Hello. I’m starting to store (and manipulate) the data in my timer project. When I put a # value in on my HTML base page to be started in theplaceholder area, this is what I get:
Well, I loaded that code into CodePen and it seems to work there. It doesn’t require any linking, so could be a problem with how you linked your files or serving your page.

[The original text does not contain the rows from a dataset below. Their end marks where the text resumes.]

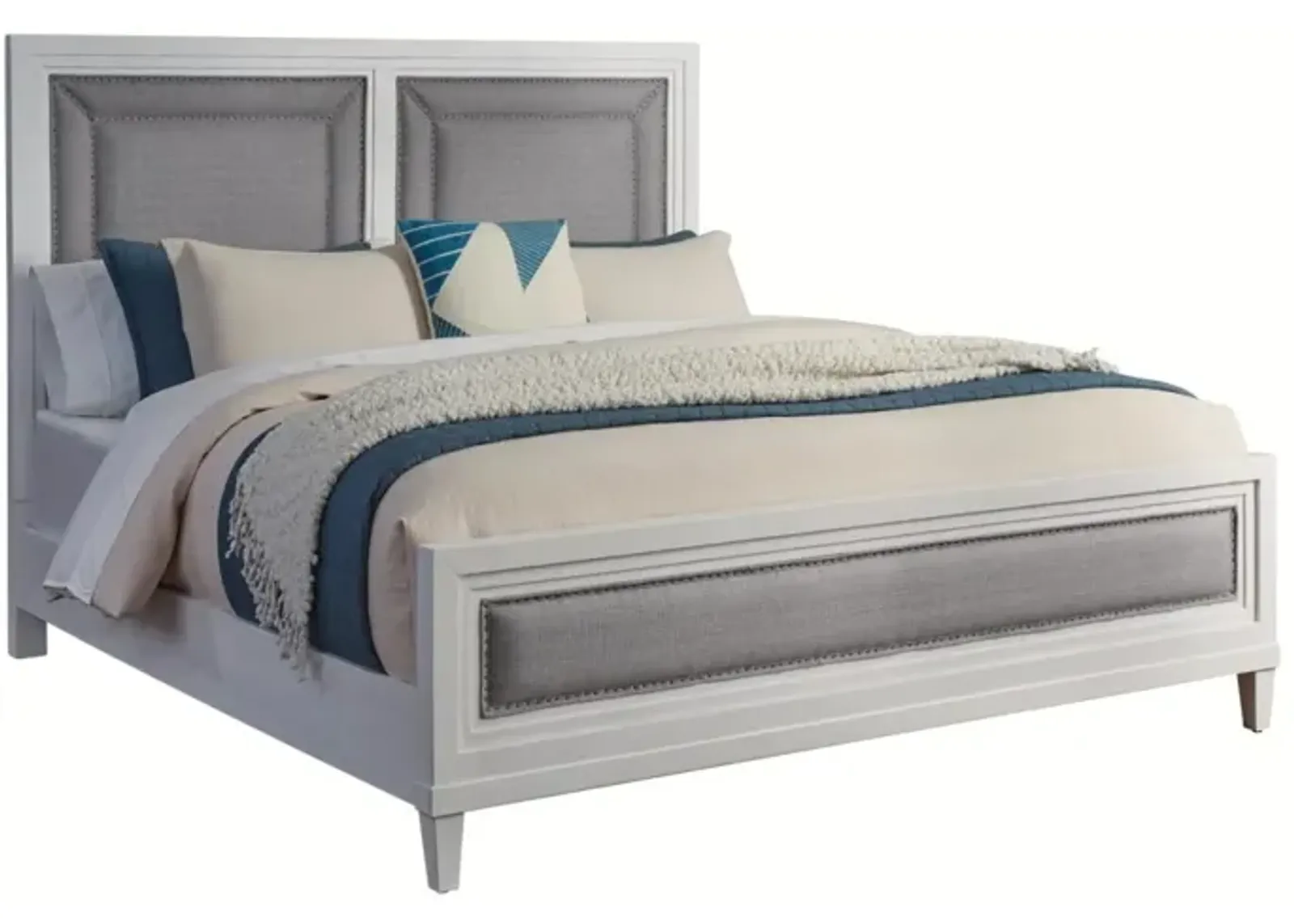 American Woodcrafters Dunescape Queen Upholstered Bed Complete in Painted White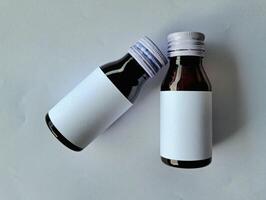 Medicine bottle brown color with a blank label for mockup or presentation mockup collection photo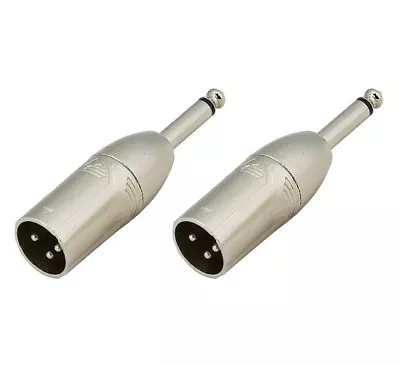 (2 Pack) High Quality 3-Pin XLR Male To 1/4  Mono Male Plug Audio Adapter - New • $8.99
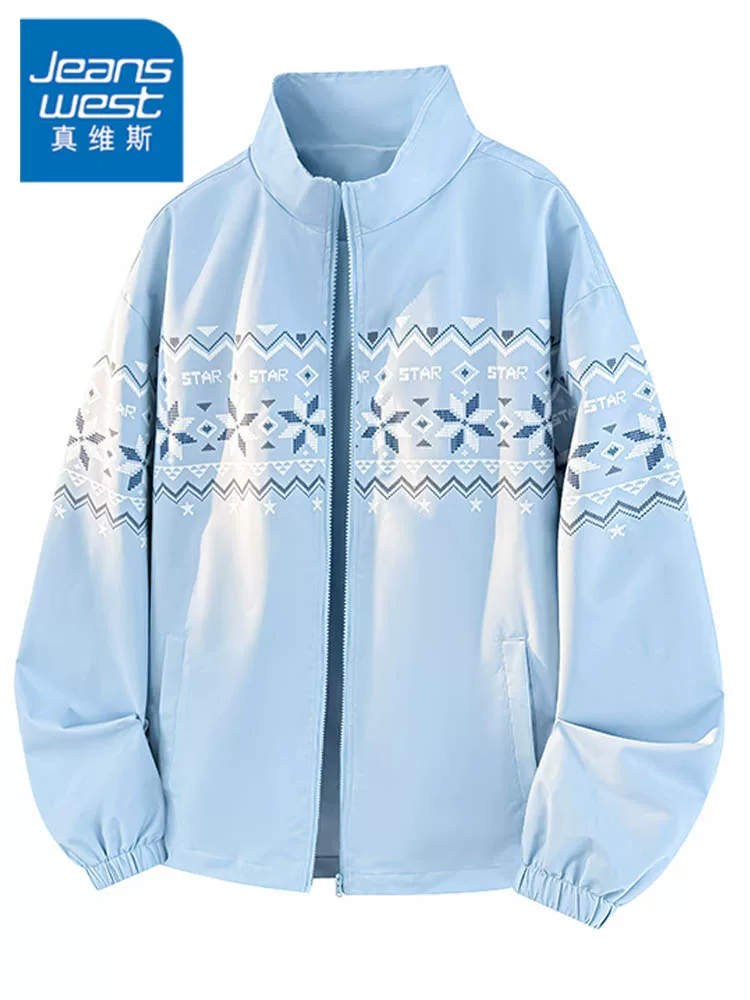 Áo khoác nam Jeanswest 2026 kiểu mới, cổ đứng, in họa tiết, dáng rộng rãi, đa năng, thời trang, áo khoác ngoài phong cách casual cho mùa xuân và mùa thu.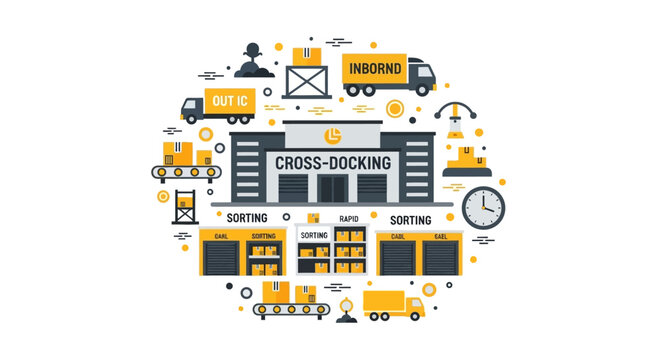 Cross-docking Logistics and Supply Chain Management Flat Design Illustration showing Warehouse Distribution Process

Whats the 404 error from and what are you using to serve the page on port 5500?
Also, it might cause you problems defining getters and setters with the same name as properties. That is, this.timeRemaining refers to a method of your class.
Well, I was confused about timeRemaining as well until it worked on the page. So I didn’t question it beyond that. Maybe I’m too trusting of Udemy pros lol
Lol… well, the question was more of a suggestion because I knew you needed a this as you didn’t declare a local variable time remaining, but at the same time I wasn’t sure regarding your use of getters and setters, so was just suggesting to try it.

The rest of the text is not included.